## Exercise
Collect each line of the records containing the string "Baseball".

___ Source records

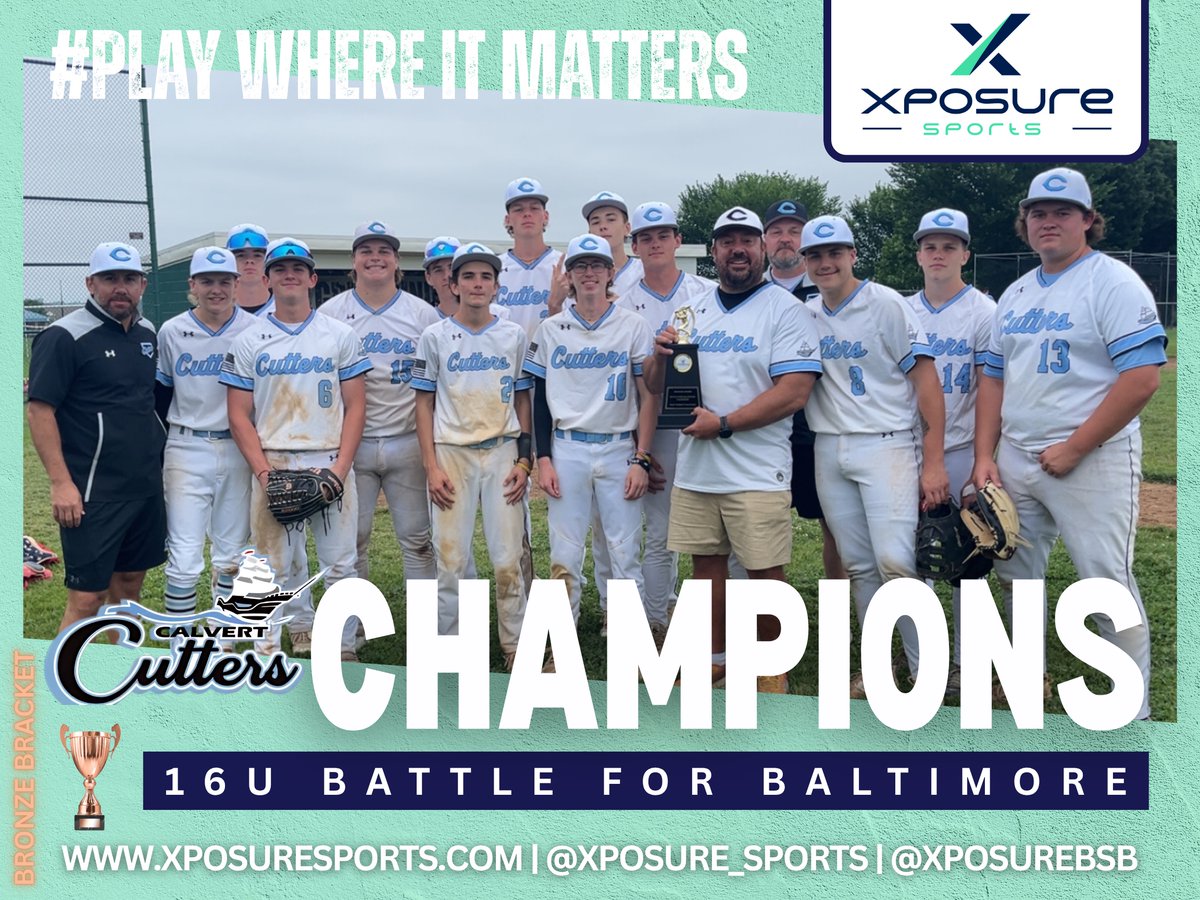 Xposure Sports (@xposure_sports) on Twitter photo ๐ ๐๐๐๐๐๐ ๐
๐๐ ๐๐๐๐๐๐๐๐๐ ๐
Congratulations to this year's 16U Battle For Baltimore Bracket Champions!
๐ ๐ช๐๐๐๐๐๐๐๐๐๐๐: DCP 16U
๐ฅ ๐ฎ๐๐๐
: Rawlings A's
๐ฅ ๐บ๐๐๐๐๐: Raiders Smith 2027
๐ฅ ๐ฉ๐๐๐๐๐: Calvert Cutters 16U
<a href="/XposureBSB/">Xposure Sports Baseball</a> | ๐ ๐๐๐๐๐๐ ๐
๐๐ ๐๐๐๐๐๐๐๐๐ ๐
Congratulations to this year's 16U Battle For Baltimore Bracket Champions!
๐ ๐ช๐๐๐๐๐๐๐๐๐๐๐: DCP 16U
๐ฅ ๐ฎ๐๐๐
: Rawlings A's
๐ฅ ๐บ๐๐๐๐๐: Raiders Smith 2027
๐ฅ ๐ฉ๐๐๐๐๐: Calvert Cutters 16U
<a href="/XposureBSB/">Xposure Sports Baseball</a> |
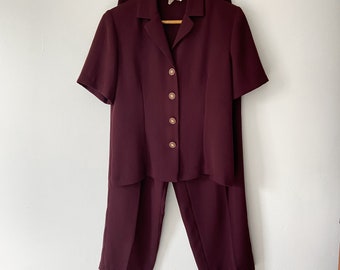 90’s Vintage ~ Women’s Suit ~ Size S ~ Burgundy Pants & Blazer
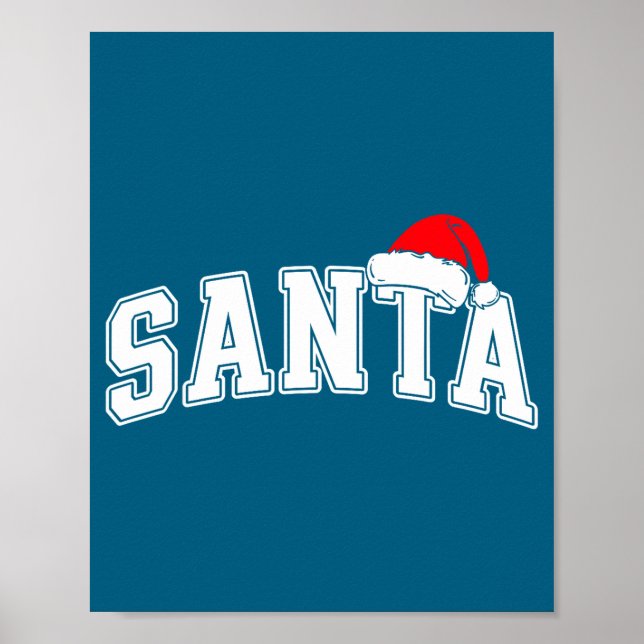 Poster Santa Christmas Varsity Text With Hat Family Xmas  (Frente)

______

## The answer
<a href="/XposureBSB/">Xposure Sports Baseball</a> | ๐ ๐๐๐๐๐๐ ๐
<a href="/XposureBSB/">Xposure Sports Baseball</a> |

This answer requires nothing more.